Butterer v. Santoro (1953) 24 N.J. Super. 361, 94 A.2d 525, 527, points out that New Jersey does not recognize a tenancy by the entirety in personal property and decides the husband and wife held their right to the purchase price of the real estate as tenants in common. Allen v. Tate, 58 Miss. 585, 588, is quoted in the Cornell Quarterly note: "The presumption is irresistible that in selling the land and taking notes for the purchase-money, payable to themselves, they intended the notes to represent the land, and in case of the death of one of them, to survive to the other, as the land would have done in like case."

The note also refers to Scutella v. County Fire Ins. Co., 231 App. Div. 343, 247 N.Y.S. 689, which dealt with the proceeds of a fire insurance policy paid for the destruction of property owned by the entirety.

The limitations of space do not permit a fuller exposition of this thoughtful note. It concludes:

"It is not surprising that there should be such differences of opinion in this shadow area of the law. As has already been pointed out, much of the confusion seems to stem from a misplaced emphasis upon conversion from realty to personalty, both legal and equitable. The intention of the parties should be controlling, and the function of the court is to seek out that intention.

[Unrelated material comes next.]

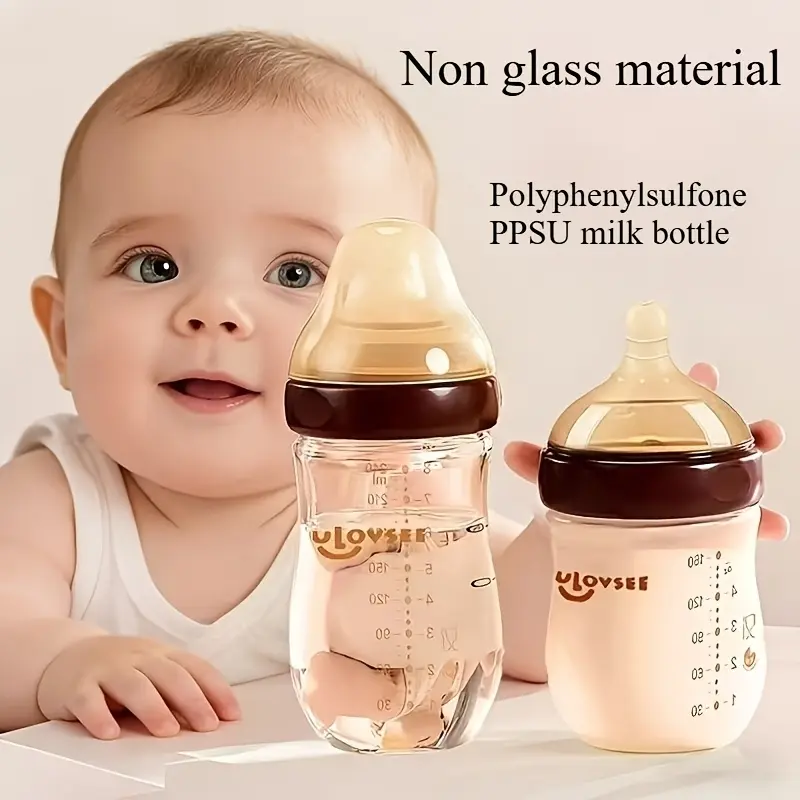 6.0-Inch PPSU Bottle Bottom Anti-Swelling 5.41Oz/8.12Oz Newborn 6Cm Bottle Baby Milk Bottle Drinking Water Bottle Air Release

"[Page 160] In determining how the cotenants wish to hold the purchase price the courts should give due consideration to the way in which the land was owned. The tenancy, formed by husband and wife and subject to survivorship, should be viewed as an arrangement for holding wealth. When looked at in this manner the alteration in the form of that wealth should not affect the manner in which it is held. The sale of real property held subject to survivorship might work `. . . a transmutation of the property from real to personal, but . . . [should] not change the character of the estate . . .'. The close ties of the parties would bolster the inference that survivorship is intended.

"The court in the principal case [Buford] also based its decision on the unities rule. The court held that the contract to sell the property destroyed the unities necessary to a joint tenancy, and so terminated the estate. The unities rule, however, merely requires equality of status among the joint tenants. Where all the joint tenants join in the same act with respect to the property held by them, their relationship to the altered property is still one of equality. The unities have not been violated, and so far as the unities rule is concerned, the joint tenancy will still exist. The argument under consideration, like the one with respect to the occurrence or nonoccurrence of an equitable conversion, is, of course, irrelevant. The answer to whether the vendors hold the right to the purchase price as joint tenants or as tenants in common is in no way dependent upon what happened to their joint tenancy in the land. Irrespective of whether that joint tenancy continued or was terminated, the intent of the parties should control the nature of the co-ownership of their right to the purchase price."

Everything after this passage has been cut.